Если Батай еще верит в восстановление утраченной гармонии через растрату, то для Пригова такая вера невозможна. Неостановимая растрата всего и вся приобретает онтологическое значение лишь потому, что только она оказывается константной в любой сфере, в любом измерении существования. Однако в разных своих книгах, и в «Проклятой доле», и в «Теории религии», и в «Литературе и зле», Батай на различных примерах разрабатывает один и тот же тезис: что растрачено (принесено в жертву, пожрано, сожжено, убито), то становится сакральным. Именно в результате процесса растраты, уничтожения чего-то ценного преодолевается, по Батаю, отчуждение человека от мира, что, в свою очередь, позволяет ощутить интимную близость с божеством, миропорядком и т. п.: см. приведенную выше цитату о том, что потлач позволяет субъекту «сочетать безграничное движение Вселенной с присущей ему самому ограниченностью». Переживание этого момента интимной близости с миропорядком Батай и определяет как сакральное. Пригов же идет иным путем: чаще всего он добивается растраты путем гиперсакрализации – преувеличенно-экзальтированной, экстатической манеры речи, которая, возвышая объект, подвергает его радикальной деконструкции[62].

Гиперсакрализация

Как утверждает Бурдье, любой ортодоксальный дискурс «скрывает иную, еще более радикальную цензуру – открытое противопоставление „правильных“ и „неправильных“ мнений ‹…› в свою очередь, маскирует фундаментальную оппозицию между вселенной вещей, о которых можно говорить и, следовательно, думать, и вселенной того, что принимается без обсуждений и обдумывания» [Bourdieu 2010: 169–170]. Приговский же квазиавтор в порыве сакрализующего экстаза, наоборот, раскрывает и выговаривает все, что принимается на веру, все, что не только сказать нельзя, но и недопустимо и помыслить.

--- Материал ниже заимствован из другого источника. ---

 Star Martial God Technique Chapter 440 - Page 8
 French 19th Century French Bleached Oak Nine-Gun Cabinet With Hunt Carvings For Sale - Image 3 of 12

Вероятно, такой принцип дискурсивной растраты был подсказан самой позднесоветской культурой, именно посредством гипертрофированной сакрализации, доведшей все дискурсы власти до откровенного абсурда. Одной из важнейших форм «доведения до абсурда» было скрещивание советской идеологии с риторикой сакрализации: «священными» в 1970‐е годы стали память о российской истории и о победе в Великой Отечественной войне, русская природа и многое другое [Штырков, Кормина 2015; Штырков 2016]. Это нагнетание консервативной по своему смыслу риторики сакрализации произвело двоякий эффект. С одной стороны, в обществе образовался устойчивый «запрос на мирское сакральное», который оказал сильнейшее воздействие на возрождение религиозной жизни в конце 1980‐х годов. С другой стороны, критически настроенные советские жители воспринимали «инфляцию сакрального» со все большей иронией. Именно остраненное изображение и перформативное представление – артистическое обыгрывание – этой инфляционной, форсированной, восторженно-хвалебной риторики мы и называем гиперсакрализацией. Для Пригова такое обыгрывание стало важнейшей стратегией уже в середине 1970‐х. Поэтому он так часто использует такие риторические формы брежневской культуры, как официальные некрологи или «обращения к населению», наподобие лозунгов ЦК КПСС к 1 мая, неизменно публиковавшихся в одном из последних апрельских номеров «Правды».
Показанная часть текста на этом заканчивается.